= Victor Child =

Canadian artist (1897–1960)

Victor Llewellyn Child (1897-1960) was a Canadian painter, etcher and newspaper illustrator. A senior pen-and-ink commercial artist at the Toronto Telegram for much of his professional career, in private life he produced landscapes and portraits in watercolours and oils.

==Career==
Victor Child was born in Palmerston, Ontario, and studied first in Toronto at the Ontario College of Art with George Agnew Reid, Charles Macdonald Manley (Manly) and John William Beatty, and later in London at Heatherley's. While in England during the First World War he served with the Royal Flying Corps. In 1920 he joined the Canadian Society of Graphic Art, exhibiting his etchings and illustration drawings with the society in 1925-1927 and 1931-1933 at the Art Gallery of Toronto.

The prominent Toronto printing firm Rous and Mann commissioned his work in 1927 for its Canadian Artists' series Christmas cards in company with distinguished painters such as Casson, Harris and Varley. Victor Child was again among these artists when in 1934 he donated work for the André Lapine Benefit exhibition chaired by Sir Wyly Grier. During the 1920s and '30s he was on staff at the Mail & Empire and Star Weekly newspapers in Toronto as an illustrator. He married portrait painter Marjorie Thompson in 1928. Later, in 1940, he joined the Telegram and worked there until his death.

Child was a decidedly conservative artist. He illustrated religious subjects for the Salvation Army and the Anglican Church of Canada and worked on instructional materials for the Toronto Board of Education. For their annual shows in 1946 and 1947 he exhibited canvases with the Ontario Society of Artists.

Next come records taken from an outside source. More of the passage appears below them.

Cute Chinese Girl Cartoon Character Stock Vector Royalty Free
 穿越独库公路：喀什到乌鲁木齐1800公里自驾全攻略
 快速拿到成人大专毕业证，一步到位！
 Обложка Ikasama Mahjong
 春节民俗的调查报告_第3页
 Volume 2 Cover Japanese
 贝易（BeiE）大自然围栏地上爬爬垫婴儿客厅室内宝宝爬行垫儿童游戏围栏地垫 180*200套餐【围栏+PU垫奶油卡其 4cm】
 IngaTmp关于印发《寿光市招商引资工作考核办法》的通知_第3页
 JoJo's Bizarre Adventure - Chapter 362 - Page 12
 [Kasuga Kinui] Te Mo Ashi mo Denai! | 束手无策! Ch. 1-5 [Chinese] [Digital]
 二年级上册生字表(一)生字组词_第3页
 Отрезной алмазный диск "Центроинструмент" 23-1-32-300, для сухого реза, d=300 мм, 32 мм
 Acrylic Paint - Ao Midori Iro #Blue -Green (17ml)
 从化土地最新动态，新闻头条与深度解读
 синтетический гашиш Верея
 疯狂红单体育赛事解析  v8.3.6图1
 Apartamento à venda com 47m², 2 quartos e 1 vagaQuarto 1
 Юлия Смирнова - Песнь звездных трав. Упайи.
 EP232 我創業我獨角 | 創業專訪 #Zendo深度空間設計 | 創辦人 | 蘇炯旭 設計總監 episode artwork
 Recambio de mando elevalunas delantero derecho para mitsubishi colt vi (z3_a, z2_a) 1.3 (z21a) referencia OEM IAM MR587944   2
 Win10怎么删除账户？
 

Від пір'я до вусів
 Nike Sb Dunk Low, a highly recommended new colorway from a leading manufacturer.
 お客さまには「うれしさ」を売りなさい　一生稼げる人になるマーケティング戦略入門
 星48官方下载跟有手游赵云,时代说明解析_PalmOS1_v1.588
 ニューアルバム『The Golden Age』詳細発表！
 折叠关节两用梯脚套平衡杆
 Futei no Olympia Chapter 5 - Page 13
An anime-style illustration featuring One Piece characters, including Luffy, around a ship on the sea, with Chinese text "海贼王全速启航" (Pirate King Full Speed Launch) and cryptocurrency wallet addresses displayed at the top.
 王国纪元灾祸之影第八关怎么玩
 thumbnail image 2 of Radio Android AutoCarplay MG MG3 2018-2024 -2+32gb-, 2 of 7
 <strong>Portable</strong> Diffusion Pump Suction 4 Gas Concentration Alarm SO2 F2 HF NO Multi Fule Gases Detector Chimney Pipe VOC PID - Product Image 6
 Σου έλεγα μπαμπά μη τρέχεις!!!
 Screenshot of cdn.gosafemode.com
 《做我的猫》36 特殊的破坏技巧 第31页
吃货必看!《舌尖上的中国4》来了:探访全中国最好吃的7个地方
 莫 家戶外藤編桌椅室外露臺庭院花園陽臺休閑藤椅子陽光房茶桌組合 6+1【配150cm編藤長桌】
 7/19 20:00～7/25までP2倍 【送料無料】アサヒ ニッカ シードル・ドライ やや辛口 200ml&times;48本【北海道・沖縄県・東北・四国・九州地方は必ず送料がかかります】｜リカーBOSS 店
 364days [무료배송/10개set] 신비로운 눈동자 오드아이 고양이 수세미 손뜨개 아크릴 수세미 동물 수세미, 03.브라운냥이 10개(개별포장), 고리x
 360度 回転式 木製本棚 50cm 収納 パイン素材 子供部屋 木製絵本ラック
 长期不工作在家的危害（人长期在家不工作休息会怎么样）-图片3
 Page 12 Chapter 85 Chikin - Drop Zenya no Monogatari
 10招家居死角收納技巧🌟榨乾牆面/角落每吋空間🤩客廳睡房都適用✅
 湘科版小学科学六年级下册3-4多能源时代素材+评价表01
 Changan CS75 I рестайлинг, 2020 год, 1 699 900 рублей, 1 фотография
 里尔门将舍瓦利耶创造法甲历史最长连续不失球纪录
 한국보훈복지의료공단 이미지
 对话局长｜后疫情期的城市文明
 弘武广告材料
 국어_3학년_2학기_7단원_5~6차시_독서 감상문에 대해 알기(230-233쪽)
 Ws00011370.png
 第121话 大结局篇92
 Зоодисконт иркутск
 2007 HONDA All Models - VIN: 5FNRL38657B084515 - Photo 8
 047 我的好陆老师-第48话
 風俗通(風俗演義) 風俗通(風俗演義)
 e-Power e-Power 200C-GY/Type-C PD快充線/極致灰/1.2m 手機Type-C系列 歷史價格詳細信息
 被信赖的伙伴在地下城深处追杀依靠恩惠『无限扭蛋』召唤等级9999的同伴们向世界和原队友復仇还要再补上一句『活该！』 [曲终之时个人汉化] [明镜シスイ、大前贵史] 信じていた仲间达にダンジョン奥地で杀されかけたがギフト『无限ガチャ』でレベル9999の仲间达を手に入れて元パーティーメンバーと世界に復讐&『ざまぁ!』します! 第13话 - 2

Perhaps the most significant moment in Canadian art history that involved Child's paintings occurred in 1959 when his work was featured in the exhibition Points of View, organized by Clare Bice, curator of the Public Library and Art Museum in London, Ontario. At this show, visitors saw the work of the traditionalist/realist Ontario Institute of Painters, of which Child was a founding member in 1958, hung beside paintings by the Canadian modernist abstract group Painters Eleven. Crowds of art enthusiasts, especially at Hart House in Toronto were large. As a popularity contest in critical opinion it was perhaps a draw, but the fame of the abstract artists soon far eclipsed that of the realists. Victor Child died in Toronto on July 12 of the following year.